• **Directions**
Starting at the line that contains "54 Ribaldo Circuit, Burdell QLD 4818" and stopping after the line that contains "Cover for Flight of the Serpent", transcribe the listing below exactly; do not include any pictures.

• **Provided records**
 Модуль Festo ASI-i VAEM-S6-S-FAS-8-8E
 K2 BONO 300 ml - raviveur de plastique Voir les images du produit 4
* * *
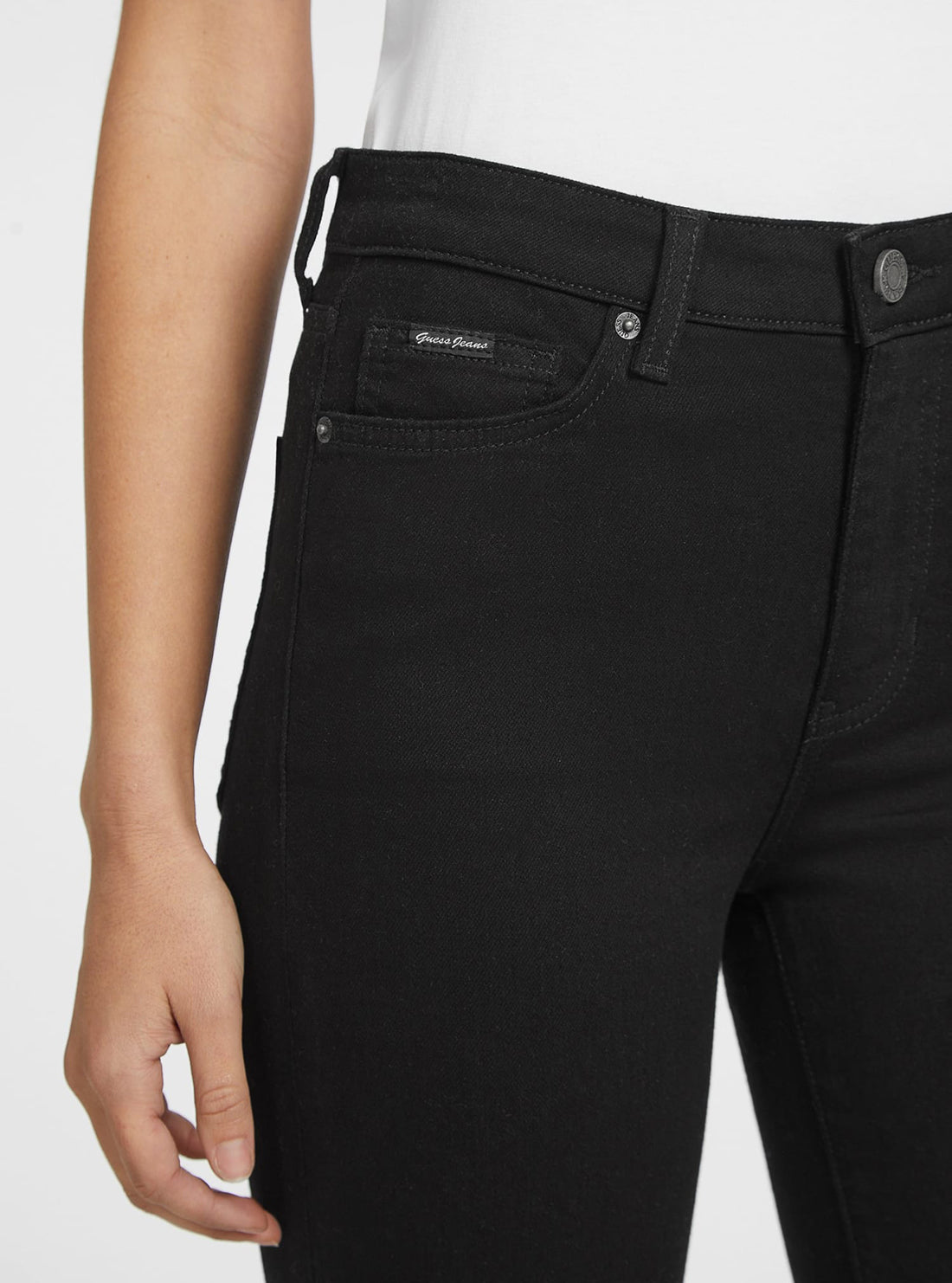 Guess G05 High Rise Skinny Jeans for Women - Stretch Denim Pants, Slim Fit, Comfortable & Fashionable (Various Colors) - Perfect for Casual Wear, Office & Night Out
==
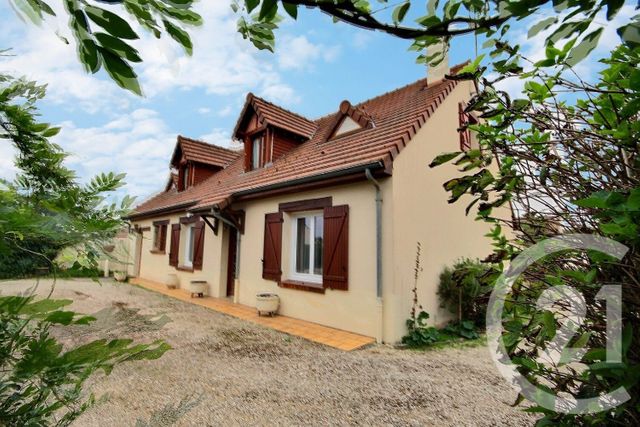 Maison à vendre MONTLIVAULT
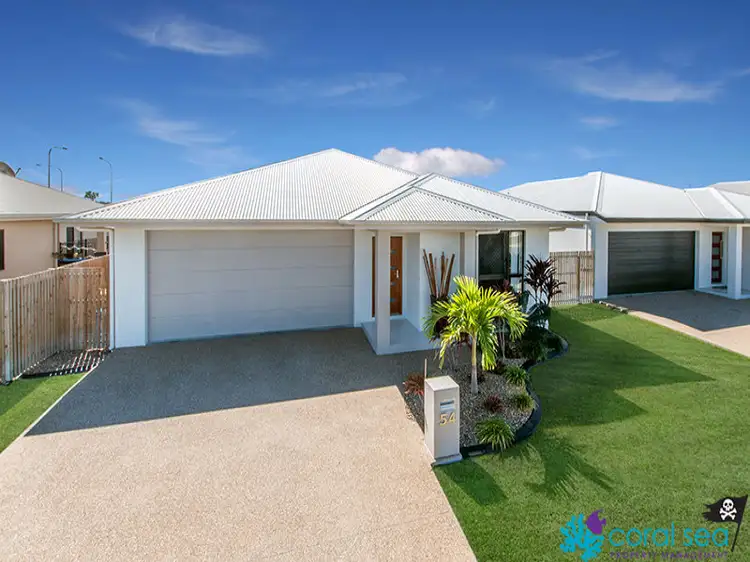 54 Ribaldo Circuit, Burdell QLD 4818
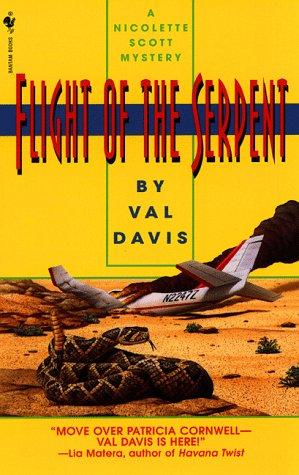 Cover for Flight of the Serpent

• **Response**
 54 Ribaldo Circuit, Burdell QLD 4818
 Cover for Flight of the Serpent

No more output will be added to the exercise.